Exercise:
Reproduce only the lines of the material below that start at the line containing "Відеокарта AFOX Radeon RX 560 4GB GDDR5 Відеокарта" and stop at the line containing "1970 Pontiac Trans". Keep both end lines.
Given information Block Start
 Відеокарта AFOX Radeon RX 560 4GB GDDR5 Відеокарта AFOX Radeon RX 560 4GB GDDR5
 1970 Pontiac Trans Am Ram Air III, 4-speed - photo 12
Given information Block End
Given information Block Start
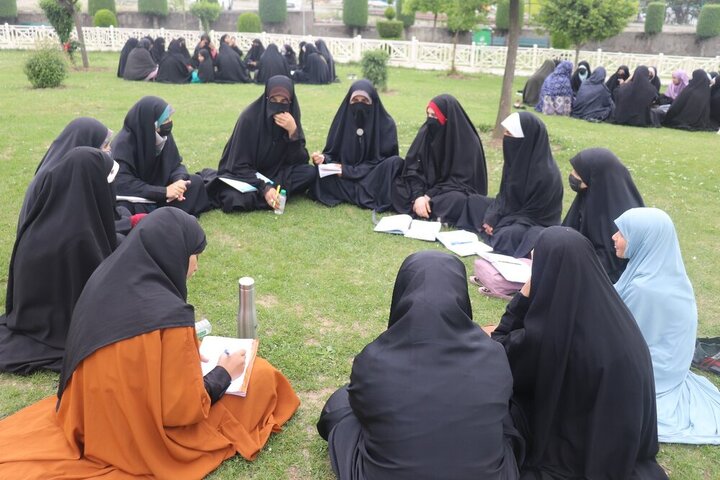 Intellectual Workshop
Given information Block End
Finished exercise:
 Відеокарта AFOX Radeon RX 560 4GB GDDR5 Відеокарта AFOX Radeon RX 560 4GB GDDR5
 1970 Pontiac Trans Am Ram Air III, 4-speed - photo 12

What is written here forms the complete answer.